Problem details -> Could you return every record below word for word, leaving out the pictures?

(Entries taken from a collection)
++++++
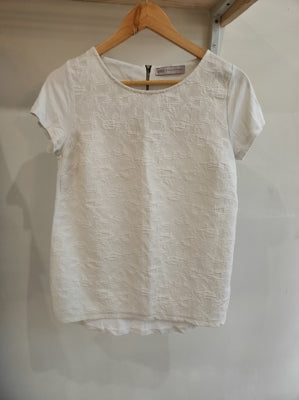 Preloved White textured t-shirt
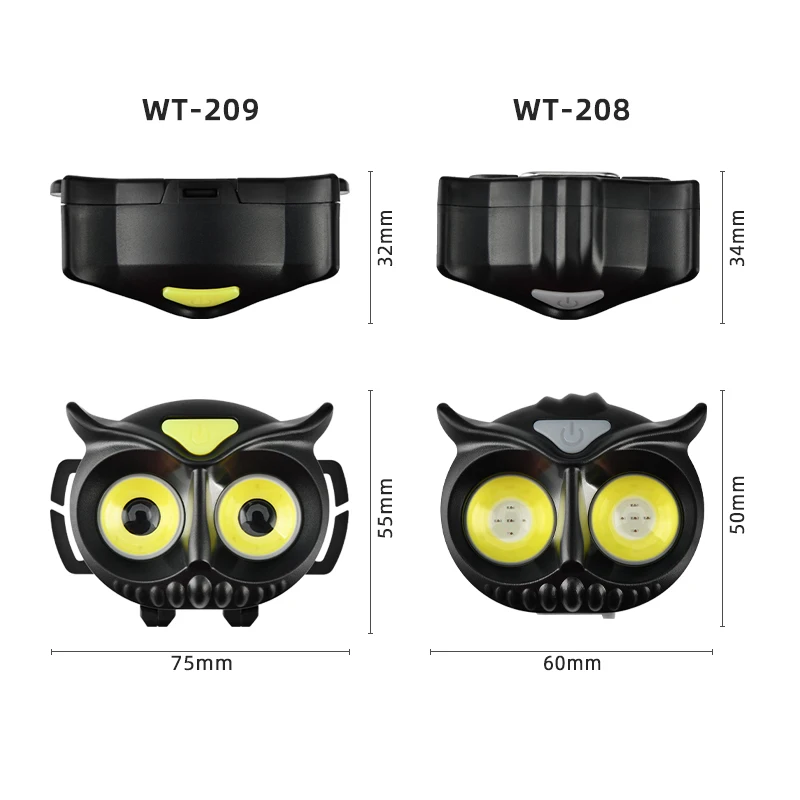 COBA Portable Headlamp COB Strobe Headlight Multifunctional USB Rechargeable or AAAx3 Battery Camping Portable Hiking Running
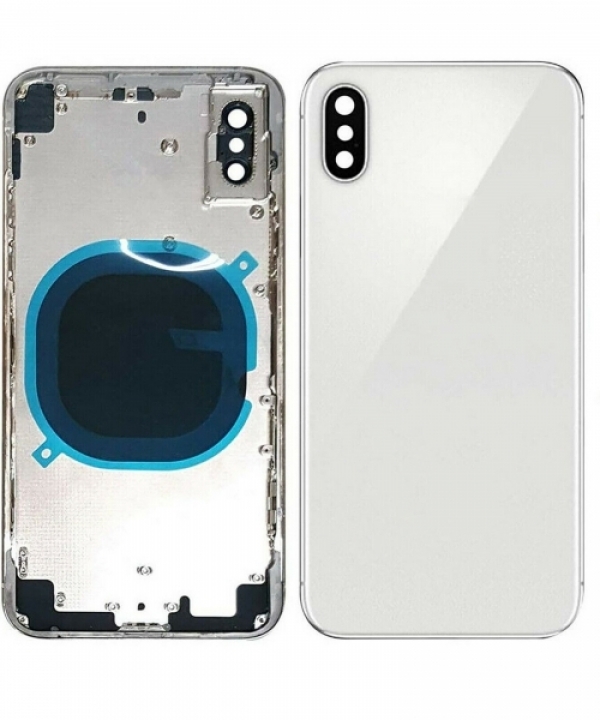 iPhone X Battery Cover Housing White with Power Flex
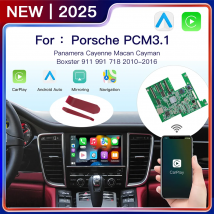 Drahtloses Carplay Android-Automodul für Porsche PCM3.1 Panamera Cayenne Cayman Macan Boxster 911 991 718 AirPlay-Spiegelverbindung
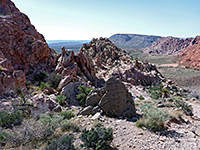 Rocks near the saddle
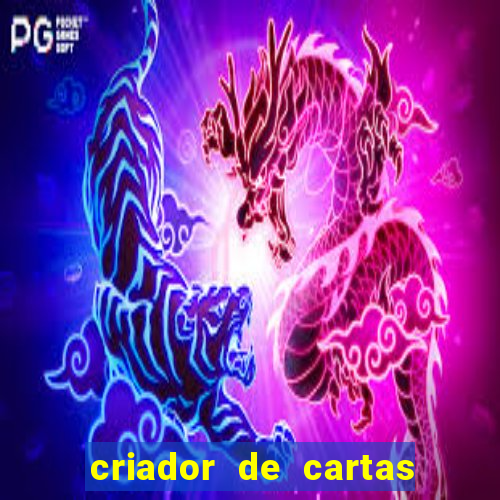 criador de cartas de pokemon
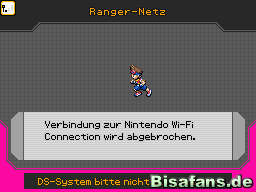 Erschrecke nicht bei der Abbruch-Meldung.  Screenshot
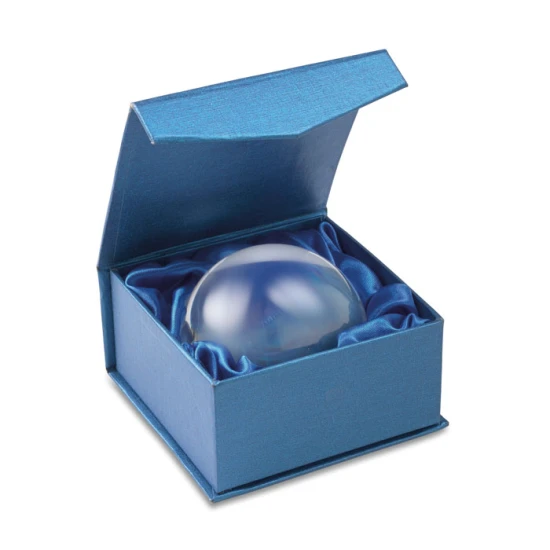 Paperweight | Glass | Ø8x3,5cm | Magnifier | In gift box | transparent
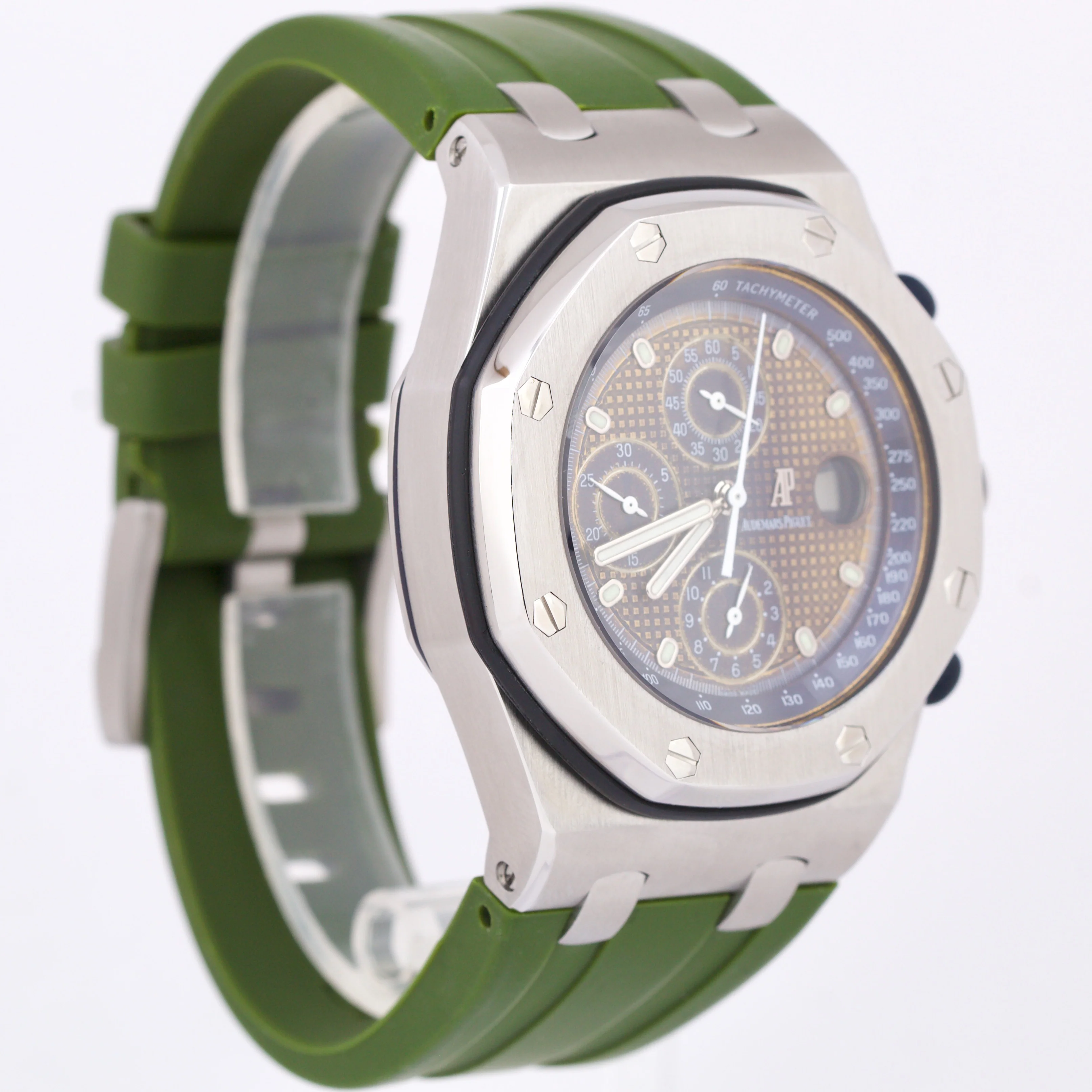 Audemars Piguet Royal Oak Offshore Green Blue TROPICAL BEAST 42mm 25721ST Watch - Image 3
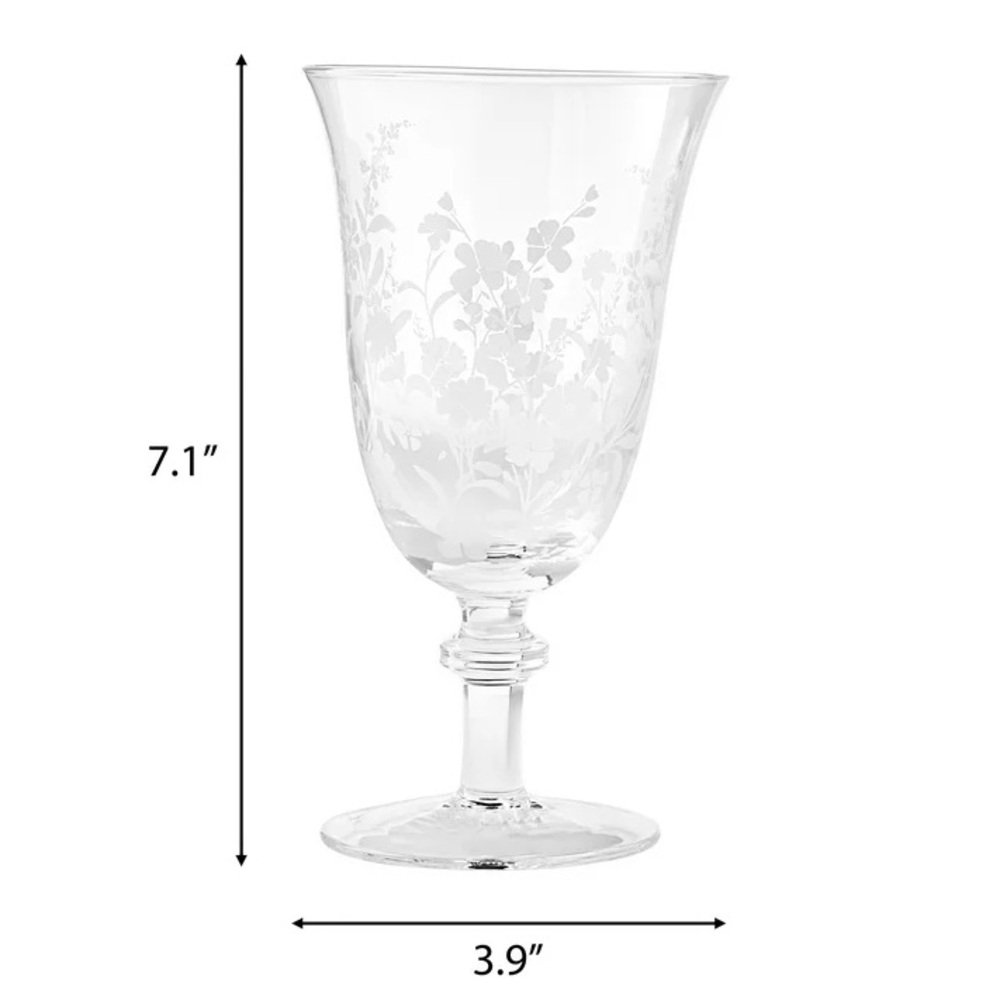 🌸 2025 New The Pioneer Woman Daisy 14-Ounce Glass Goblet, Clear, Qty 1 - Picture 6 of 8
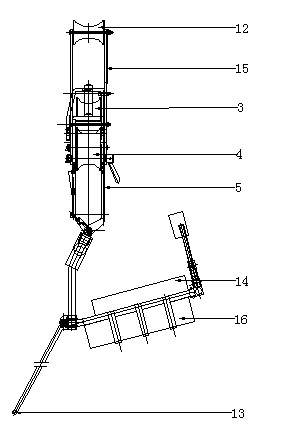 Self-propelled transmission line outgoing overhaul flying car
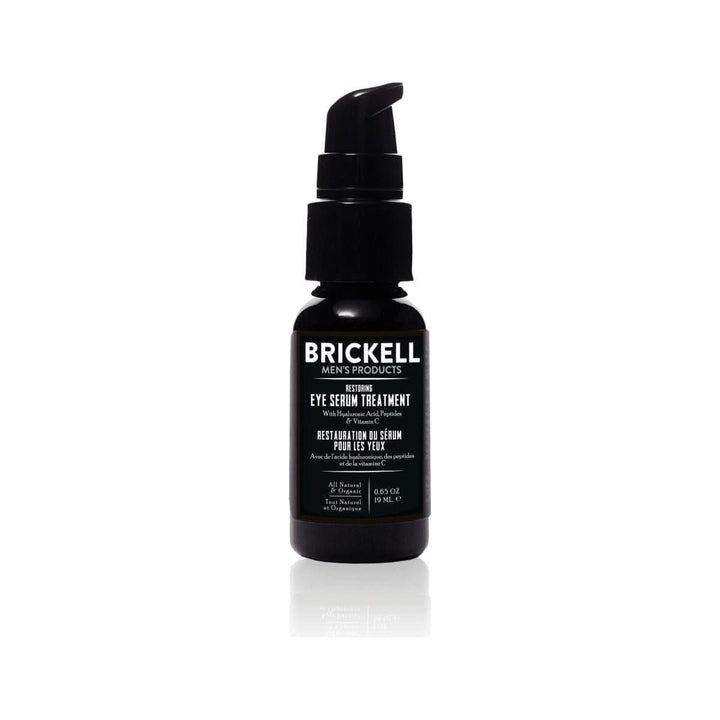 Brickell Restoring Eye Serum Treatment 19ml | Anti-Aging & Dark Circle Reduction Brickell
++++++
Solution ->
 Preloved White textured t-shirt
 COBA Portable Headlamp COB Strobe Headlight Multifunctional USB Rechargeable or AAAx3 Battery Camping Portable Hiking Running
 iPhone X Battery Cover Housing White with Power Flex
 Drahtloses Carplay Android-Automodul für Porsche PCM3.1 Panamera Cayenne Cayman Macan Boxster 911 991 718 AirPlay-Spiegelverbindung
 Rocks near the saddle
 criador de cartas de pokemon
 Erschrecke nicht bei der Abbruch-Meldung.  Screenshot
 Paperweight | Glass | Ø8x3,5cm | Magnifier | In gift box | transparent
 Audemars Piguet Royal Oak Offshore Green Blue TROPICAL BEAST 42mm 25721ST Watch - Image 3
 🌸 2025 New The Pioneer Woman Daisy 14-Ounce Glass Goblet, Clear, Qty 1 - Picture 6 of 8
 Self-propelled transmission line outgoing overhaul flying car
 Brickell Restoring Eye Serum Treatment 19ml | Anti-Aging & Dark Circle Reduction Brickell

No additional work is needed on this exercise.